* Source material:

|---|

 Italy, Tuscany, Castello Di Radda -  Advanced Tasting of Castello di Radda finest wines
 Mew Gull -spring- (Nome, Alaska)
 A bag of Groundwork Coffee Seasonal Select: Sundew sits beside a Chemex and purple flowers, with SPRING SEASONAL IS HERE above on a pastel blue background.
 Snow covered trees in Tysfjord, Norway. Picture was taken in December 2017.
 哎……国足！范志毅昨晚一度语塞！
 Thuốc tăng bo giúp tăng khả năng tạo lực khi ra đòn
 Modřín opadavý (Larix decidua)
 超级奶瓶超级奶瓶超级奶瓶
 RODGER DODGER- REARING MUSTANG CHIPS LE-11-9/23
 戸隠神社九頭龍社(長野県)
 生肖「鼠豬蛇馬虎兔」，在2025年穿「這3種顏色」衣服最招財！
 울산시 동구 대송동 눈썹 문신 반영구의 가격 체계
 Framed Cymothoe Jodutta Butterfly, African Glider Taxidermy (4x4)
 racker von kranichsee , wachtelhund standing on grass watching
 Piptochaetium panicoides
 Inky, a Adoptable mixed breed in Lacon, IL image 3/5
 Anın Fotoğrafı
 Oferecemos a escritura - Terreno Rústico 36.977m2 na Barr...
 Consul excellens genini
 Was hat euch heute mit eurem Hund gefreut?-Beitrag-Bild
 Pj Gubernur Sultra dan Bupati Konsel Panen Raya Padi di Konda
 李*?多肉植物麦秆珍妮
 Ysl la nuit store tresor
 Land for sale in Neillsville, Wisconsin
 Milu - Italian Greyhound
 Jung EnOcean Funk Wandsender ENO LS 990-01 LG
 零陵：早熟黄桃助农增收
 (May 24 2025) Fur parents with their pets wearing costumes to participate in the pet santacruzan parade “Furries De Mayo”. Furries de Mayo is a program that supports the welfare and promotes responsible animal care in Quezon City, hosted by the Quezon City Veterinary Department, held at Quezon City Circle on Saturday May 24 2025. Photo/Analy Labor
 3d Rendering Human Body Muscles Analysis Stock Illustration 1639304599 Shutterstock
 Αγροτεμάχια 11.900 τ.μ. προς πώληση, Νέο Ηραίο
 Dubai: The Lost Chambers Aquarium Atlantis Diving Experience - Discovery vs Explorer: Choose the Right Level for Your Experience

|---|

* About this exercise: Return word for word the lines above from the line with "울산시 동구 대송동 눈썹 문신 반영구의 가격 체계" to the line with "零陵：早熟黄桃助农增收", including both and leaving out all others.

* Solution below:
 울산시 동구 대송동 눈썹 문신 반영구의 가격 체계
 Framed Cymothoe Jodutta Butterfly, African Glider Taxidermy (4x4)
 racker von kranichsee , wachtelhund standing on grass watching
 Piptochaetium panicoides
 Inky, a Adoptable mixed breed in Lacon, IL image 3/5
 Anın Fotoğrafı
 Oferecemos a escritura - Terreno Rústico 36.977m2 na Barr...
 Consul excellens genini
 Was hat euch heute mit eurem Hund gefreut?-Beitrag-Bild
 Pj Gubernur Sultra dan Bupati Konsel Panen Raya Padi di Konda
 李*?多肉植物麦秆珍妮
 Ysl la nuit store tresor
 Land for sale in Neillsville, Wisconsin
 Milu - Italian Greyhound
 Jung EnOcean Funk Wandsender ENO LS 990-01 LG
 零陵：早熟黄桃助农增收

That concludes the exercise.